CJ Werleman, an Australian journalist who portrays himself as a progressive defender of Muslims against their enemies in the West, is helping Islamists from South Asia import the decades old conflict between India and Pakistan into the United Kingdom.
There absolutely is an organized gang of Islamists that are being fronted by what I would call an extreme gang of Islamist influencers with half a million plus followers on YouTube that have been calling for people to come to Leicester and Birmingham.”Charlotte Littlewood, Henry Jackson Society
In a September 21 YouTube video titled Leicester Riots: Why Muslims Can Never Be Victims, Werleman reports, without evidence, that “radicalized Indian Hindu migrants have carried out a wave of mob lynching attacks against Muslims” in Britain over recent months. Werleman, who writes for the Qatari-backed Middle East Eye, then reports Muslims are being lured into a well laid trap “by a foe who has perfected its genocidal tools under the rule of India’s Prime Minister Narendra Modi and his party, the BJP.”
The story Werleman tells is that under the current zeitgeist, Muslims can only be portrayed as the perpetrators and never the victims of violence. Werleman laments that Hindus are not arrested when they chant “Jai Shri Ram,” which he describes as a war cry. If Muslims were marching on Britain’s streets shouting pro-Taliban or ISIS slogans, Werleman asserts, they’d be arrested under the “draconian” counter-terrorism laws.
By portraying Muslim violence as a response to Hindu provocation, Werleman would have viewers ignore the anti-Hindu incitement attested to by Charlotte Littlewood, a researcher at the Henry Jackson Society. After an extensive review of social media, Littlewood declared that she hadn’t seen “a shred of evidence” to support the claim that Hindu extremists were on the march against Muslims in Leicester.

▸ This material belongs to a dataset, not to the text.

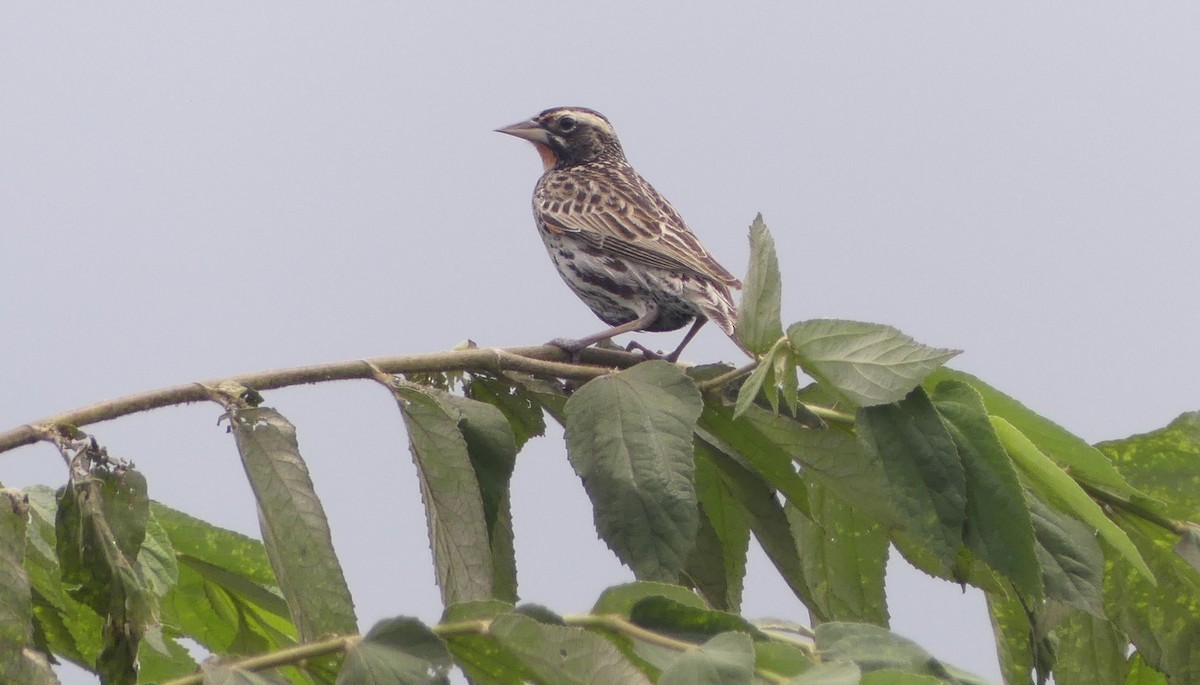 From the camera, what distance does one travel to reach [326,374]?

She did report however, that “There absolutely is an organized gang of Islamists that are being fronted by what I would call an extreme gang of Islamist influencers with half a million plus followers on YouTube that have been calling for people to come to Leicester and Birmingham.” The Hindus who marched in Leicester, Littlewood reported, did so in collaboration with the police to demonstrate they wouldn’t be chased out of their homes by rioters who have kicked in the doors to their homes and vandalized their businesses.
And when it comes to the chants uttered by Hindus during their marches, Werleman’s narrative is equally inaccurate. Sarah Gates, a Hindu Scholar based in Australia, reports that Jai Sri Ram is recited in many Hindu practices in a devotional manner. She says that it can also be recited to empower people and invoke the warrior spirit of the Hindu God Ram.
The Muslim equivalent of this slogan would be ‘Allahu Akbar’ which means “God is Great.” It is used by Muslims five times a day when they perform their salah (prayer) which is one of the five pillars of Islam. However, it has also been appropriated by Jihadis when they go to war or extremists when they want to show the dominance of Islam.
Neither slogan can or should be linked solely to terrorist groups, but Werleman appears to be content with comparing the Hindu slogan with support for ISIS and the Taliban without mentioning how its Islamic equivalent has been used by these very groups — and chanted on the streets of England — without people being arrested.
Werleman’s video includes testimony from Majid Freeman, a writer for the Islamist publication 5 Pillars, who claimed Hindus are “marching through our area, past the masjid provoking the Muslim community.” Freeman is not a reliable source of information, however, having shared a false story about a 15-year-old Muslim girl being kidnapped by a Hindu man. The story could quite well have inflamed tensions and led to further clashes. After he was exposed for broadcasting misinformation by Abdirahim Saeed, a journalist for BBC Monitoring, Freeman was forced to delete the tweet and put up the official police statement confirming the event did not take place.
Another act of Islamist incitement that Werleman would have us ignore was a speech given by Mohammed Hijab, described by the Community Security Trust (CST) as an “Islamist YouTuber.” During the riots, Hijab travelled from London to Leicester to mock Hindus and their faith before a crowds of young Muslim men. Video indicates that none of these statements were challenged by the group of Muslim men, but instead, were cheered on or laughed at.
British Muslims should stay well clear of journalists like Werleman who disguises sympathy for Islamism as a legitimate defense of the Muslim community writ large. By ignoring the role Islamists play in inflaming communal tensions, he does nothing for social cohesion between Muslims and Hindus in England.
British Muslims should not listen to CJ Werleman. Nor should anyone else.